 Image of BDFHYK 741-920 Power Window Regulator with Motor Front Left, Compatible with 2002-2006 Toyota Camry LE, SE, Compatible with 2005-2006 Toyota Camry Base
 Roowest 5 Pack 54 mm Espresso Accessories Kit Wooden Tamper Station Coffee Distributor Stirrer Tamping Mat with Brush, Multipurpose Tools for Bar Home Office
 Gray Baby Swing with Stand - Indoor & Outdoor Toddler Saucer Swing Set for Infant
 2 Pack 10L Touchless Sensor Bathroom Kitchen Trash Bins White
...
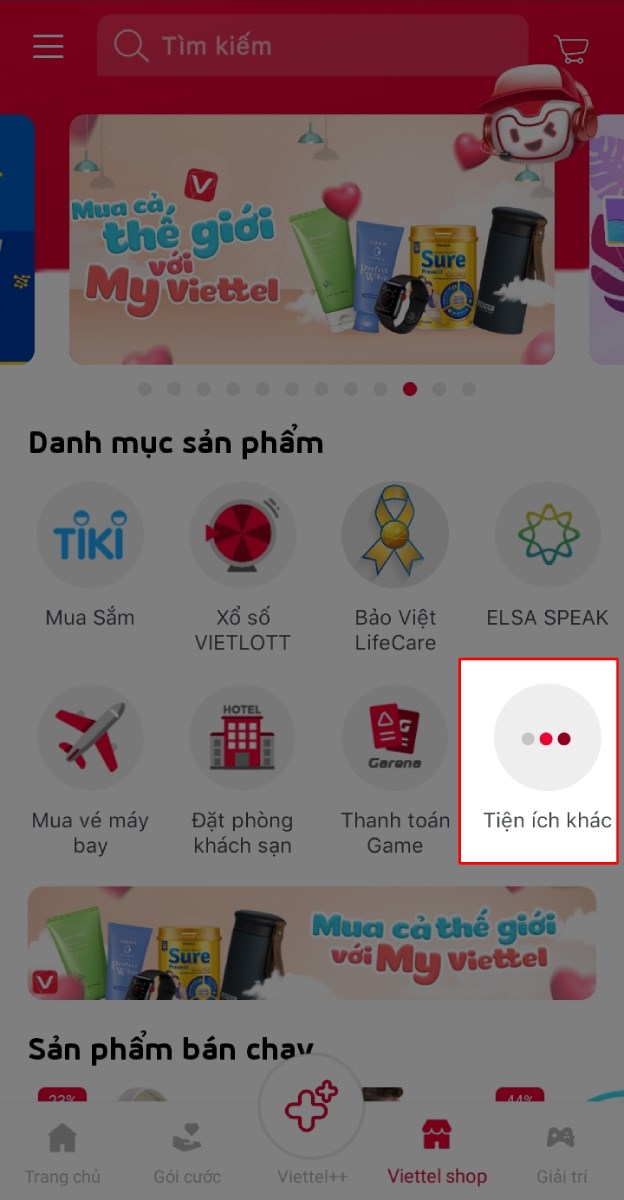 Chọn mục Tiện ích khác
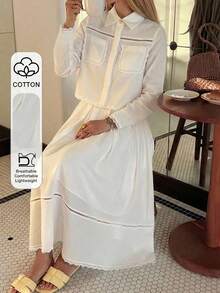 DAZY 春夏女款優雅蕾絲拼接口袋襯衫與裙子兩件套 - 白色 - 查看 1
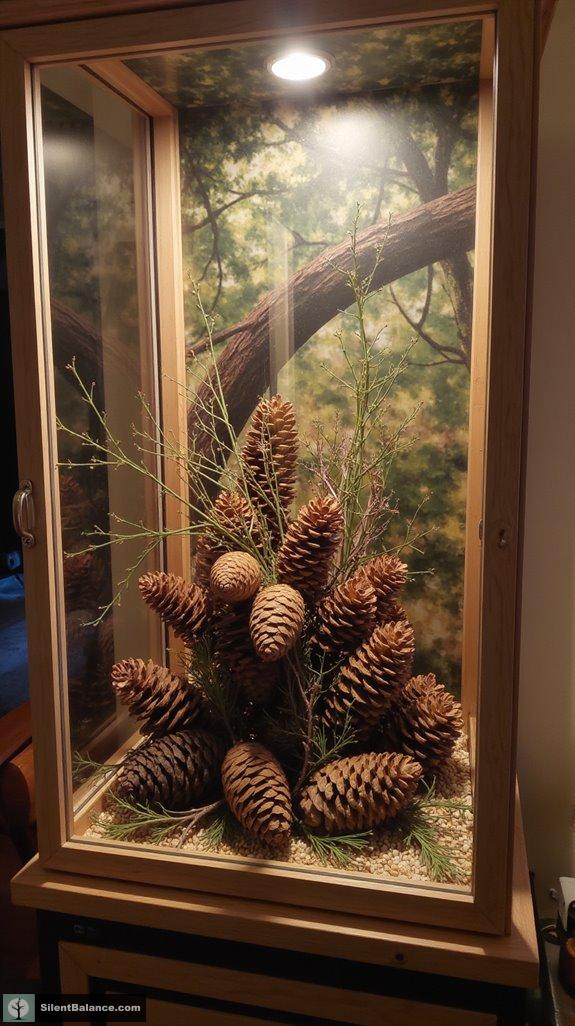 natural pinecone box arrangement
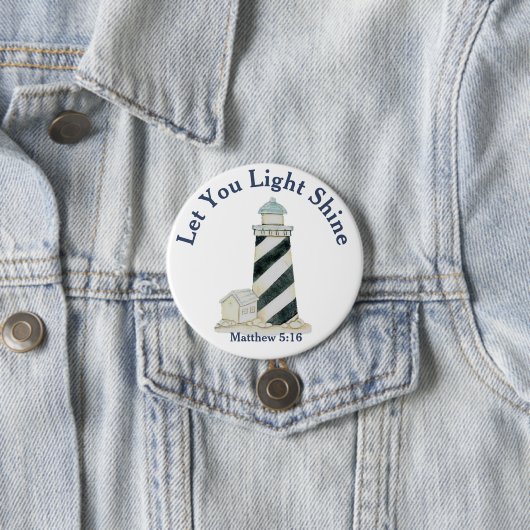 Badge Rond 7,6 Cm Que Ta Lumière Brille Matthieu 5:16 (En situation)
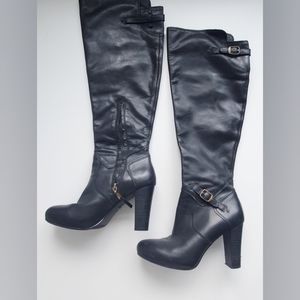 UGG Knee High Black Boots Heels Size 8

**DESCRIPTION OF THE TASK**
From the data above, reproduce word for word the lines running from the line with "Image of BDFHYK" to the line with "2 Pack 10L Touchless", ends included.

**TASK RESULT**
 Image of BDFHYK 741-920 Power Window Regulator with Motor Front Left, Compatible with 2002-2006 Toyota Camry LE, SE, Compatible with 2005-2006 Toyota Camry Base
 Roowest 5 Pack 54 mm Espresso Accessories Kit Wooden Tamper Station Coffee Distributor Stirrer Tamping Mat with Brush, Multipurpose Tools for Bar Home Office
 Gray Baby Swing with Stand - Indoor & Outdoor Toddler Saucer Swing Set for Infant
 2 Pack 10L Touchless Sensor Bathroom Kitchen Trash Bins White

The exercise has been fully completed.